Produzione in serie su larga scala
Il futuro dell’energia passa (anche) dalle celle solari spaziali “autoriparanti”. Prima di entrare nel dettaglio, va ricordato che – come scrive Clean Technica – a novembre 2023 Solestial ha ottenuto un contratto di Fase II Small Business Innovation Research (“SBIR”) dalla NASA (la proposta vincitrice, è giunta sulla scia di un contratto di Fase I da 149.987 dollari nel gennaio dello scorso anno) e sta approntando, in accordo con l’azienda leader mondiale nella produzione di celle solari Meyer Burger Technology, la produzione in serie su larga scala di questa tecnologia.
Snocciolando alcuni numeri, il fine è decisamente ambizioso: acquisire una capacità produttiva di oltre 1 megawatt all’anno entro metà 2025 (parliamo di un volume rapportabile all’intera produzione globale attuale di celle solari spaziali “tradizionali”). E ancora, la tecnologia di Solestial per le nuove celle solari spaziali ultrasottili consentirebbe di ridurre del 90% i costi di produzione rispetto alle cosiddette celle III-V (ovvero, quelle celle che sono fondate su elementi – semiconduttori – presenti nella tavola periodica nel terzo o quinto gruppo), schiudendo nuove porte al solare spaziale.
Precisa Stan Herasimenka, Ceo e cofondatore dell’azienda con sede a Tempe: “In una cella solare sottile, gli elettroni generati dalla luce non devono percorrere lunghe distanze per essere estratti e, seppur le radiazioni dello Spazio creano un difetto, hanno assai meno probabilità di ricombinarsi attraverso questa criticità”.
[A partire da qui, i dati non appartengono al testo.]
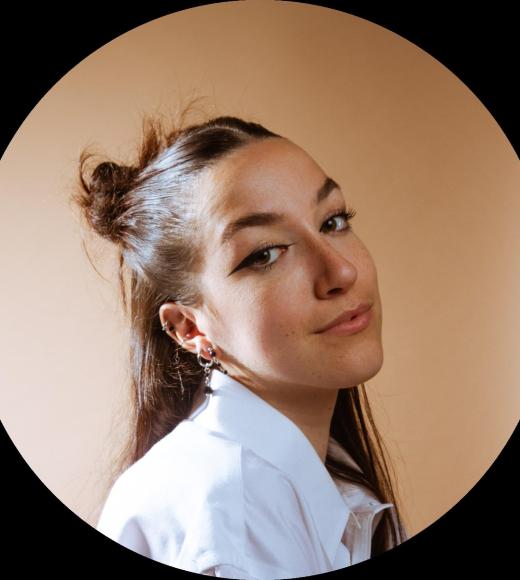 Headshot photo of young woman with half-up bun, slight smile, beige background.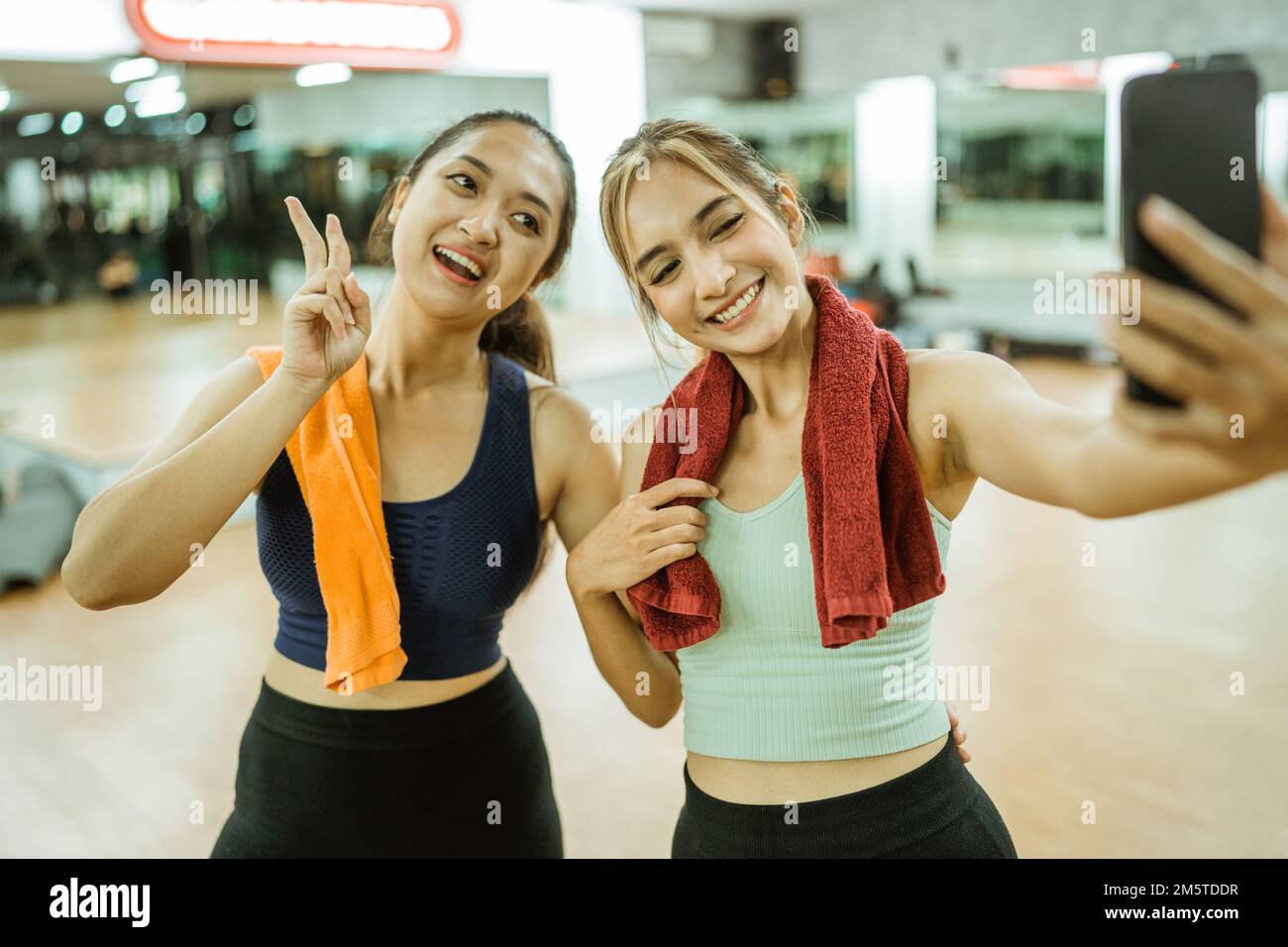 Beautiful fit women taking selfie hi-res stock photography and images ...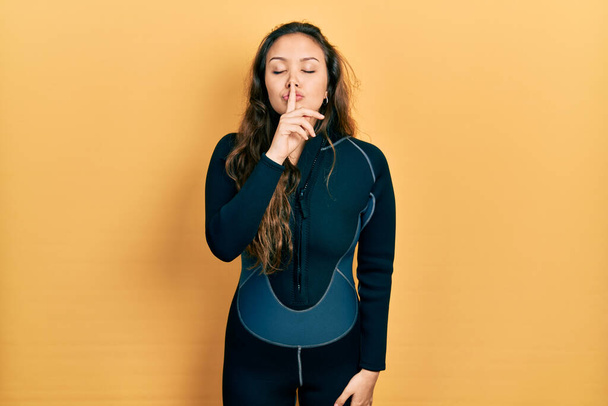 Menina hispânica jovem vestindo uniforme de neoprene mergulhador pedindo para ficar quieto com o dedo nos lábios. silêncio e conceito secreto.  - Foto, Imagem
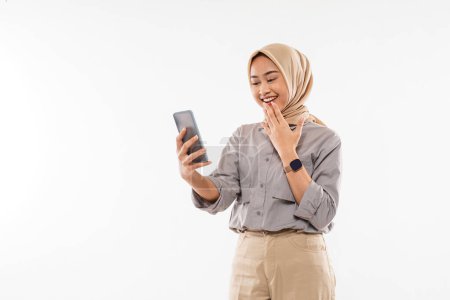 Téléchargez les photos : A young woman with hijab standing and put her hand in front of her mouth while looking at her phone - en image libre de droit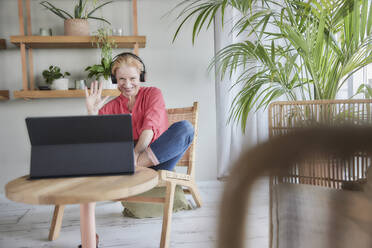 Smiling woman waving hand during video call while sitting at home - FMKF07040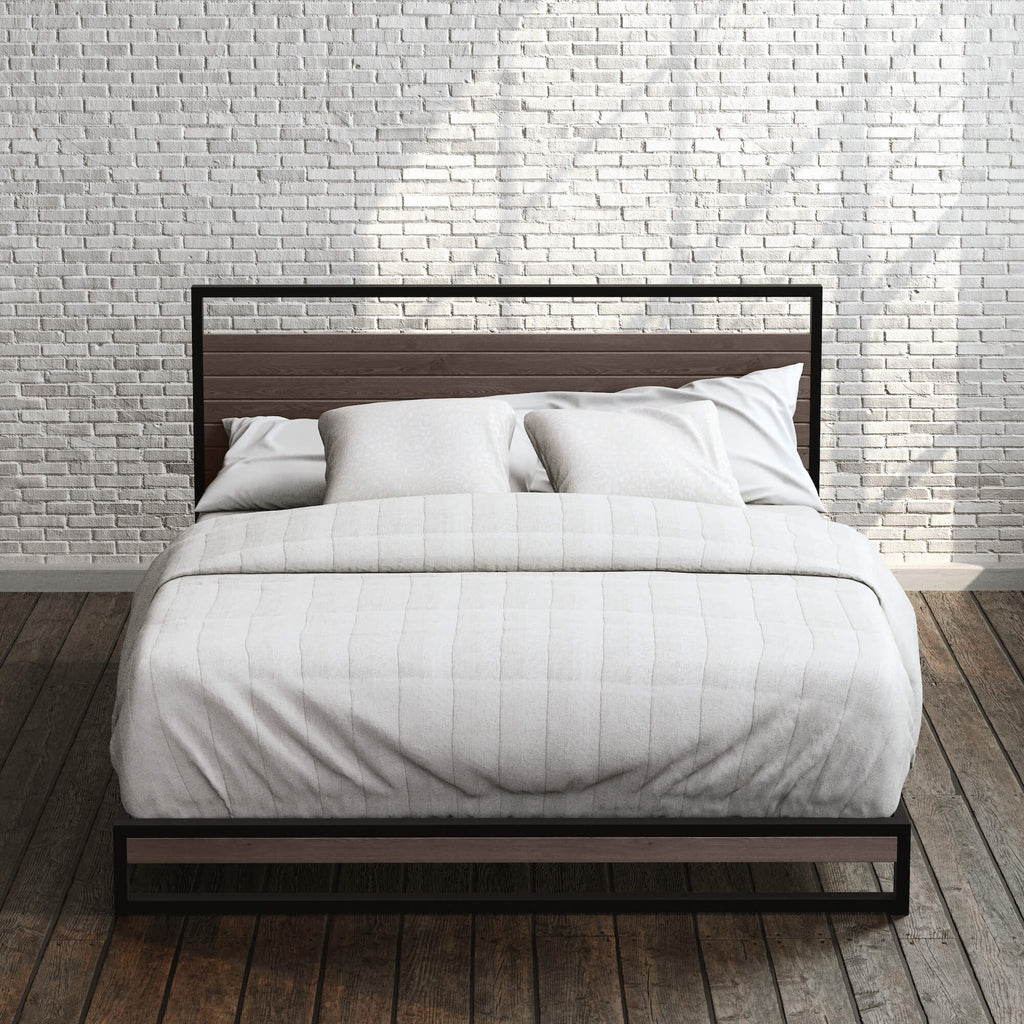 Zinus Suzanne Metal and Bamboo Platform Bed Frame styled with neutral bedding in a modern loft bedroom. Features bamboo headboard and footboard with black steel frame, combining durability, strong mattress support, and industrial style. 
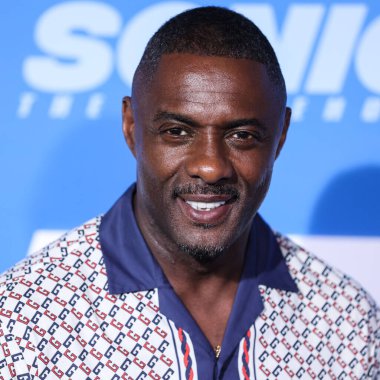 Gucci giyen İngiliz-Sierra Leonean aktör Idris Elba, 5 Nisan 2022 'de Westwood, Los Angeles, Kaliforniya, ABD' deki Regency Village Theatre 'da düzenlenen' Sonic The Kirpi 2 'nin Los Angeles Premiere gösterimine geldi..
Potenziale dell’energia solare dallo Spazio
Il concetto di energia solare spaziale prevede la sua raccolta e conseguente diffusione wireless sulla Terra. Considerato che il sole splende di continuo nello Spazio (dunque, indipendentemente dall’ora del giorno), c’è il potenziale per erogare una fonte di energia rinnovabile pulita praticamente senza limiti. Certo, come riporta la Reuters, l’Agenzia internazionale dell’energia (Iea) lo ribadisce da anni: il solare sarà l’Eldorado. E ancora, secondo le previsioni dell’organizzazione, prossimamente supererà l’eolico e l’idroelettrico per spodestare, entro il 2027, anche il carbone.
Va altresì detto che le opinioni in merito sono discordanti presso la comunità scientifica internazionale. Il fisico Casey Handmer ritiene che i costi rendano l’energia solare spaziale una modalità di approvvigionamento del tutto proibitiva. E anche Elon Musk, l’imprenditore visionario dietro aziende come SpaceX e Tesla, è della stessa opinione.